Hard revocations address the following problem: If a private key was compromised, then the attacker can issue signatures using that key. This means, the attacker could issue a signature dated before the revocation, impersonating the owner of the key. A recipient of that signature would mistakenly consider this signature valid if the issuing key has been soft revoked. This is a problem. To counteract this problem, it is reasonable to clearly mark compromised keys as suspect at any point in time. That’s what hard revocations do.

On the other hand, if the subkey was merely retired using a soft revocation, and the certificate holder moved to a different subkey, then the signatures in the past, made by the retired key, are still valid.

18.2. Certificates are effectively append-only data structures

OpenPGP certificates act as append-only data structures, in practice. Packets that are associated with a certificate cannot be “recalled”, once they were published. Third parties (such as other users, or keyservers) may keep and/or distribute copies of those packets.

While it is not possible to remove elements, once they were publicly associated with an OpenPGP certificate, it is possible to invalidate them by adding new metadata to the certificate. This new metadata could set an expiration time on a component, or explicitly revoke that component. In both cases, no packets are removed from the certificate.

Invalidation resembles removal of a component in a semantical sense. The component is not a valid element of the certificate anymore, at least starting from some point in time. Implementations that handle the certificate may omit the invalid component in their representation.

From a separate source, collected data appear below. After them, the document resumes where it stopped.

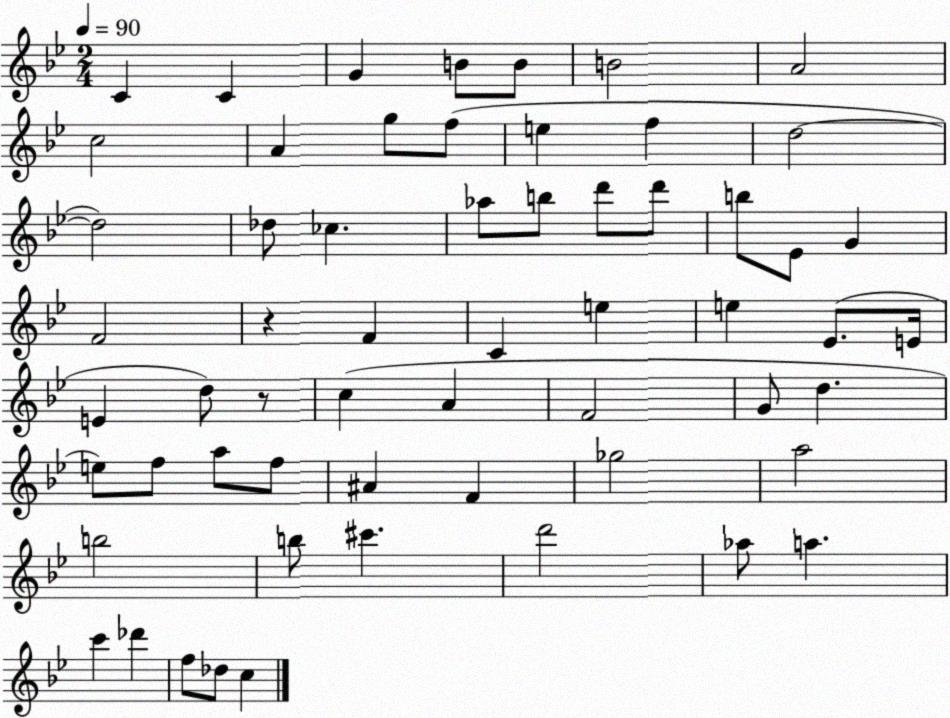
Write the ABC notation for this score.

X:1
T:Untitled
M:2/4
L:1/4
K:Bb
C C G B/2 B/2 B2 A2 c2 A g/2 f/2 e f d2 d2 _d/2 _c _a/2 b/2 d'/2 d'/2 b/2 _E/2 G F2 z F C e e _E/2 E/4 E d/2 z/2 c A F2 G/2 d e/2 f/2 a/2 f/2 ^A F _g2 a2 b2 b/2 ^c' d'2 _a/2 a c' _d' f/2 _d/2 c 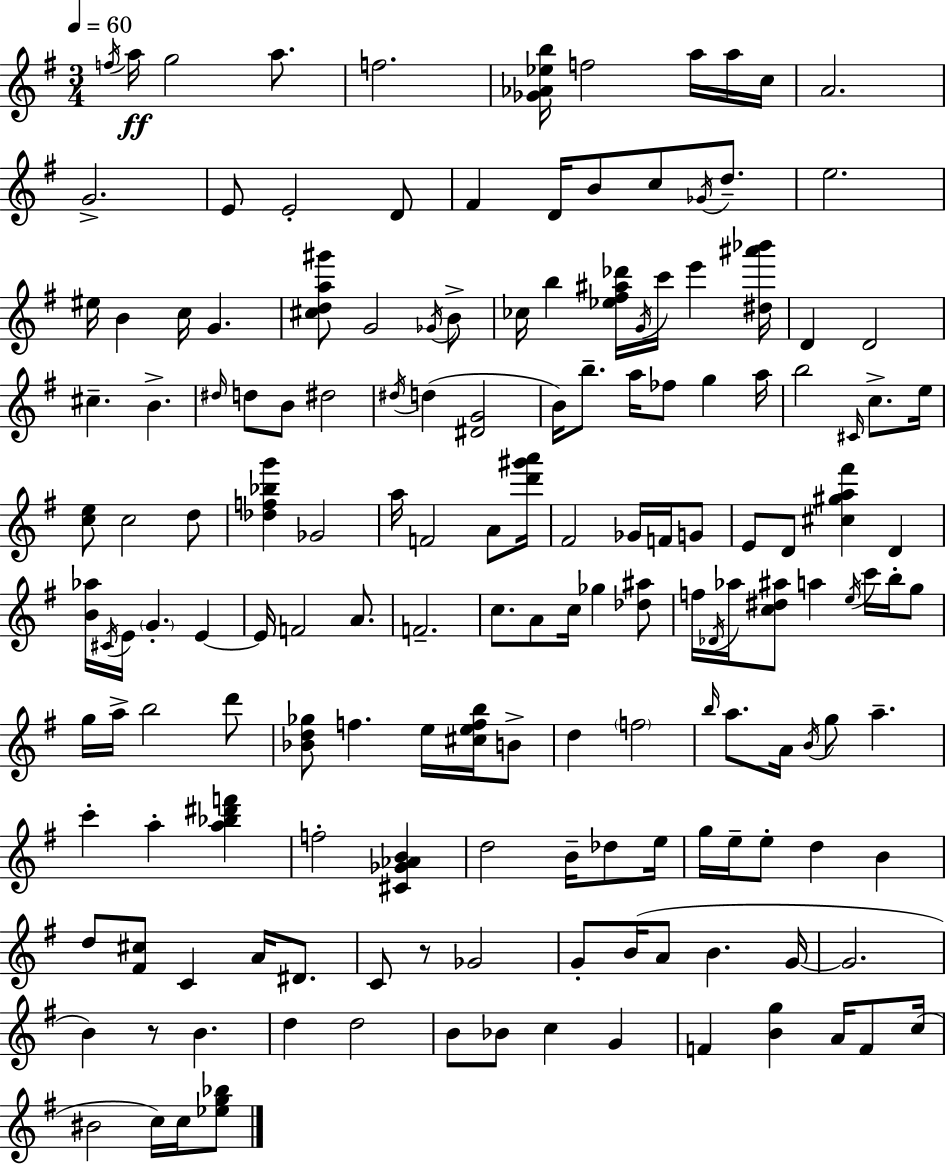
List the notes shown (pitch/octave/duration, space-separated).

We have to distinguish the “packet level” information about a certificate from an application-level view of that certificate. The two may differ.

18.2.1. Reasoning about append-only properties in a distributed system

OpenPGP is a decentral and distributed system. Users can obtain and transmit certificate information about their own, as well as other users’, certificates using a broad range of mechanisms. These mechanisms include keyservers, manual handling, Web Key Directory (WKD) and Autocrypt.

Different users’ OpenPGP software may obtain different views of a particular certificate, over time. Individual users’ OpenPGP instances have to reconcile and store a combined version of the possibly disparate elements they obtain from different sources.

In practice, this means that various OpenPGP users may have differing views of any given certificate. For various reasons, not all users will be in possession of a fully up-to date and complete version of a certificate.

There are various potential problems associated with this fact: Users may not be aware that a component has been invalidated by the certificate holder. Revocations may not have been propagated to some third party. So for example, they may not be aware that the certificate holder has rotated their encryption subkey to a new one, and doesn’t want to receive messages encrypted to the previous encryption subkey.

One mechanism that addresses a part of this issue is expiration: By setting their certificates to expire after an appropriate interval, certificate holders can force their communication partners to refresh their certificate, e.g. from a keyserver[2].

Good practices, like setting appropriate expiration times, can mitigate the complexity of the inherently distributed nature of certificates.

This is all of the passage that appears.